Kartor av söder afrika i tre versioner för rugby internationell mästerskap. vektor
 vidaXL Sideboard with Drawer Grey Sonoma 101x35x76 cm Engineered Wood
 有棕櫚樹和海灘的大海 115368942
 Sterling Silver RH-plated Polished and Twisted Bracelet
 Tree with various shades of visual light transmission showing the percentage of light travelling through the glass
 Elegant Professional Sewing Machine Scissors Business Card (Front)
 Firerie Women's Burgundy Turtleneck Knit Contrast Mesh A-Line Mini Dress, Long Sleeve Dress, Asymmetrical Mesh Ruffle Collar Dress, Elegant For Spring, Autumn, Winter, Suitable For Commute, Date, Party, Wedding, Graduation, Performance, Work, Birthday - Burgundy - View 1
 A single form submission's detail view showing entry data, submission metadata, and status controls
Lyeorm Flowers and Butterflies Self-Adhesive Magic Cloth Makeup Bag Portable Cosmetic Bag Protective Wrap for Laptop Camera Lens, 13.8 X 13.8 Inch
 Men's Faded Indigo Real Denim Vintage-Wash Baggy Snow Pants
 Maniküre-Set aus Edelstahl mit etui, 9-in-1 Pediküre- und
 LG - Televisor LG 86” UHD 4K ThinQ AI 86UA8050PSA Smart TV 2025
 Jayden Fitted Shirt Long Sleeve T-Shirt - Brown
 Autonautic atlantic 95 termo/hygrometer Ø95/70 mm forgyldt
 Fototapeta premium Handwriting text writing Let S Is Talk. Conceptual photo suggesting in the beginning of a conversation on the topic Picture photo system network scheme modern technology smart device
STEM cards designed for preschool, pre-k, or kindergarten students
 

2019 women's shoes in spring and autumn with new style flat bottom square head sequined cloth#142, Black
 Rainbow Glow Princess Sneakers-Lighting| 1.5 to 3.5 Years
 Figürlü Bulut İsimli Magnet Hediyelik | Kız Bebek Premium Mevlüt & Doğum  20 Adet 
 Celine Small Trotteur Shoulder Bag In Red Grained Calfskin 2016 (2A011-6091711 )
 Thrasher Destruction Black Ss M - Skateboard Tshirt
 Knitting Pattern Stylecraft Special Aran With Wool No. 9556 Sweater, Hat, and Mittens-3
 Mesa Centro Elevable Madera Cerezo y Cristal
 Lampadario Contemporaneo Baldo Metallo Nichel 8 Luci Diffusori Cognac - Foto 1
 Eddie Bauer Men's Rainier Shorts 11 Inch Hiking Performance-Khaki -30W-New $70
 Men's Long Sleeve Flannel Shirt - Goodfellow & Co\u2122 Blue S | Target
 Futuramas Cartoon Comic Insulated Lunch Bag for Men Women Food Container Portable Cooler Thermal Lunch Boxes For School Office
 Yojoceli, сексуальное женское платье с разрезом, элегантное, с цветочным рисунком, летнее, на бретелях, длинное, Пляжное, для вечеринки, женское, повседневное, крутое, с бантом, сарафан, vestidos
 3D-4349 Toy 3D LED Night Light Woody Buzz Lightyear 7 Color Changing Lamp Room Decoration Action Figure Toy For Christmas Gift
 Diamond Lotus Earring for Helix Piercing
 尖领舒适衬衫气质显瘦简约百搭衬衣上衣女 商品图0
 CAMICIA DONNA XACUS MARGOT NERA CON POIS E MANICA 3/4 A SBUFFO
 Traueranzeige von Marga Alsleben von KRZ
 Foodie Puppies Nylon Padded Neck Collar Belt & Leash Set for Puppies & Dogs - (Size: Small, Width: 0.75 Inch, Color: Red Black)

> ACTION ITEM: The expected output is one number: how many lines of the data above hold the string "Inch".

> YOUR SOLUTION: 3